自分は自己表現がうまくできている、と思いこんでいる人へ

自己表現力チェックテスト・前編

いざ目の前に生きている人間が来ると、急には適切な言葉が出てこない。猫背で不景気感が漂う姿勢でも自分では気づかない。まして、面白い話に顔を輝かせて、「そうですか。それは驚きました。もっと聞かせてください!」なんというしゃれた表現ができない。

パフォーマンス学ではこれを「言語調整動作」(レギュレイターズ)と呼び、相手の話をうまく転がすには不可欠なあいづち類なのに、それができない。

かくしてプログラマーがクライエントのニーズをちゃんと聞いてこないと、作品に微妙なミスマッチがおき、また修正が必要になる。

仲間とのコミュニケーションが苦手なために、大きなプロジェクトを組んで仕事をする際に意思疎通がうまくできない。本人もノリノリ気分になれないけれど、相手も「何考えてるの、あいつ?」となる。この原因はいろいろあるでしょう。

それを大きく分けると次の3つです。

自己表現力不足の3つの原因

①自己表現の良し悪しは学校の試験に出なかった
国語で、ことばについては文章力など最低限チェックがあっても、その文章をどんな顔で言うか、などとどこでも教えてこなかった。

②「自分では自己表現は自然にできている」と思いこんでいる
コレガイチバンクセモノです。単なる自信過剰というものでしょう。自分の自己表現は自分に見えない。見ている相手は遠慮があるから「お前の顔、無表情だぞ!」なんて、よほど親しい間柄でないと言わないでしょう。

かくて、本人も気づかないうちに嫌われていたり、外されていたりする。ここが上手い人は逆に、好かれて話が弾む。結果、仕事がとれます。

③「仕事は実力がすべてで、表現のしかたには影響されない」と思っている
こういう人が日本人にはまだ多い。だから1979年、ニューヨーク大学大学院に世界初の「パフォーマンス研究学科」ができて、うまく1年間で修士号を取って、世界第1期生として卒業して、1980年から日本で「パフォーマンス学」、後に「パフォーマンス心理学」を展開した私には、当時は反感ばかりでした。

「中身がよければ、言い方や顔や動作や姿勢なんてどうだっていいでしょう?」というのです。

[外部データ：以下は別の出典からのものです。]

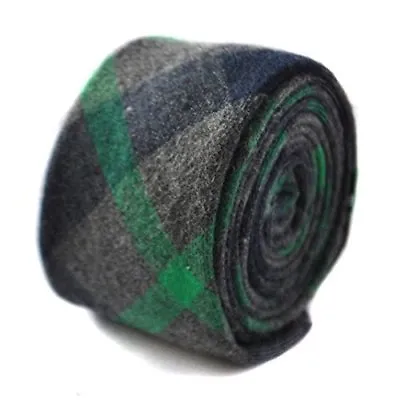 £12.99 • Buy Frederick Thomas Designer Tweed Wool Mens Tie - Dark Grey & Green - Check Skinny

おかげで「パフォーマンス」には見せかけやまやかしというマイナスイメージが常につきまとってきました。

あれから40年、やっと社会が追いついた。あのリオ五輪での、東京五輪オリンピックプレゼンを見てください。安倍首相だって312秒(5分12秒)のプレゼンの中で、76回もアームをふりあげ、207.5秒間もアイコンタクトし、(あまり大きくない目とはいえ)眼輪筋を222.5秒も動かしています。

テレビ局からの依頼と単行本執筆のために安倍首相を分析した私は、まさに目を疑いました。「これが同じ人?」と。やればできる、のです。

自己表現下手では国際会議で聞いてもらえないだけでなく、毎日の日常の仕事で損をします。まずはあなたも、今日から次の2つだけでもやってみてください。